Discussion
Cardiovascular operators have not yet reached a definitive consensus
regarding the best treatment strategy in the presence of co-existing
coronary artery and/or valve disease and extra-cranial carotid lesions
amenable of operative repair.2 During the last decade
there have not been systematic high-level evidence published, and two
randomized clinical trials failed to establish which should be the
recommended treatment strategy due to lack of adequate power and/or
because of slow enrollment.3-16 Still a pending matter
of debate, we believe that the choice to perform a single stage
intervention may still be reasonable based on our institutional
experience, especially in the presence of a homogeneous treatment
protocol among the centers involved.10 The 3.9%
postoperative mortality rate at 30-days observed in our cohort is
acceptable considering the magnitude of intervention and the high-risk
profile of the cohort: it is in line with the mean 5.1% in-hospital
mortality reported in the larger cohort of the National Inpatient Sample
analysis of isolated coronary artery bypass grafting, as well as not
significantly inferior to the 3.8% reported for the staged treatment of
the concomitant diseases.7,8,18-20
One modality for optimizing risk assessment is to use a predictive score
but, currently, there are no mortality predictive scoring systems for
single stage CVS and CEA.8,14,21,22 The predictors
identified in our series are reliable since they have been associated
with mortality in other experiences.
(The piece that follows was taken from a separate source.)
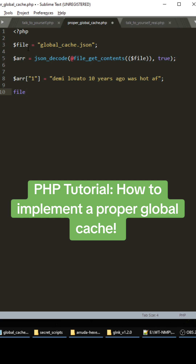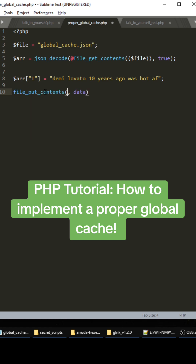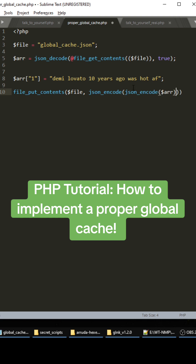Once we use the cache data and set it to a value, we need to update it as well. So we use file_put_contents, put the file in there, and then we're going to use json_encode on the array variable. This is where the magic happens — you want to copy this and basically run json_encode on itself two times, like this. Okay, save the file.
When it comes to the carotid
revascularization component of this complex clinical scenario, the risk
of neurologic complications has been correlated to the clinical
relevance of the carotid stenosis, namely a history of
stroke.15,22,23 While there is no unquestionable
evidence that the majority of patients undergoing coronary artery bypass
grafting may benefit from CEA, high-grade extra-cranial carotid artery
stenosis poses a higher risk of stroke than patients without carotid
disease.1,2,23 The fact that stroke rate was lowest at
1.9% in the staged group of the vast cohort of the National Inpatient
Sample may support this observation. Furthermore, most of the strokes
have been mechanistically unrelated to pre-existing carotid artery
occlusive disease.1,2,18 For the sake of
comparability, the 1.3% rate found in our experience is favorable in
comparison with the 2.8% reported in a recent meta-analysis by Ursoet al .24 in patients undergoing isolated
coronary artery bypass grafting, and like the 2.5% in those undergoing
isolated percutaneous coronary intervention with drug-eluting stents.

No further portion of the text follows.